Tail Recursion and Tail Call Optimization
What is a tail call?[edit | edit source]
Informally, a tail call is when a function calls another function, and returns immediately. In assembly, it's when a CALL and a RET instructions are found right next to each other. For example, in the following code:
myFunction:
CALL foo
CALL bar
RET
CALL bar
is a tail call, but CALL foo
is not.
Note that, it's important that there is no operation between CALL bar
and RET
. Consider the following example:
int foo(x){
return bar(x) * 2;
}
Even though this looks like a tail call, the caller has to modify the return value after the CALL
operation. As such, it's not actually a tail call. In assembly:
CALL bar
SHL EAX, 1
RET
However the following is a tail call:
int foo(x){
return bar(x * 2);
}
In assembly:
SHL EAX, 1
CALL bar
RET
As you can see, there is no operation between CALL
and RET
this time.
Optimizing a tail call[edit | edit source]
A tail call can be optimized by simply replacing CALL
with JMP
and removing RET
. So looking at this example, one more time:
int foo(x){
return bar(x * 2);
}
In assembly, no tail call optimization:
SHL EAX, 1
CALL bar
RET
In assembly, with tail call optimization:
SHL EAX, 1
JMP bar
This has a minor speed up as you no longer have to save and restore the instruction pointer. The callee (in this case, bar
) will return all the way back to the caller of this function.

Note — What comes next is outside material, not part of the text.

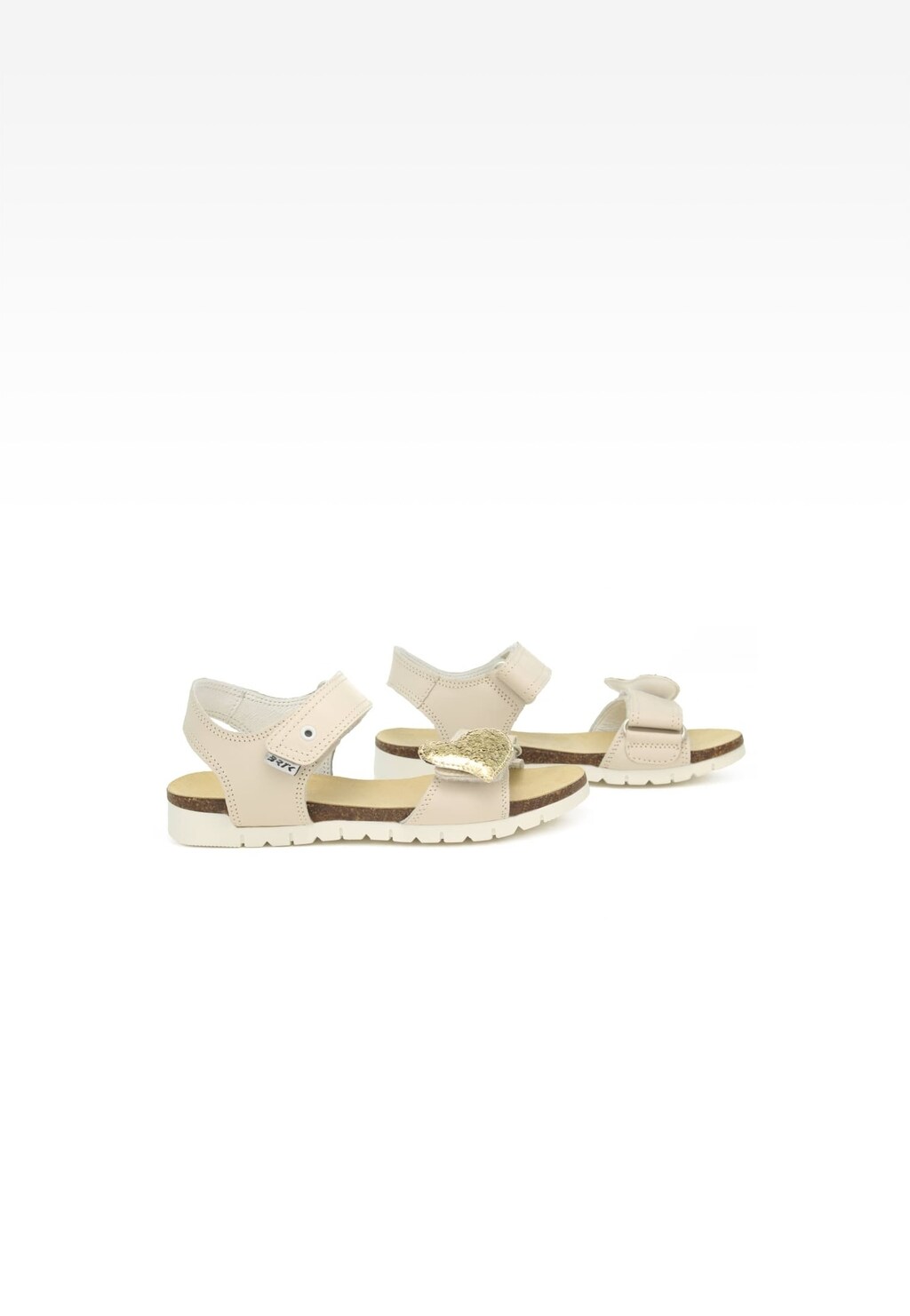 Beżowe sandały dziewczęce Bartek 16183021 z ozdobnym złotym sercem, zapinane na rzepy, z wygodną korkową podeszwą i elastyczną, białą podeszwą zewnętrzną.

It doesn't have much of an impact on a function like this, but it can have immense impact on recursive calls. A recursive call that takes 1000 recursions will have to save and restore the instruction pointer 1001 times without tail call optimization, but only once with it.
Epilogues and Prologues[edit | edit source]
In the above examples, it is assumed that functions don't have a prologue or epilogue which is highly impractical. As such a proper implementation of tail call optimization is a lot trickier than shown here. This is only a rudimentary example.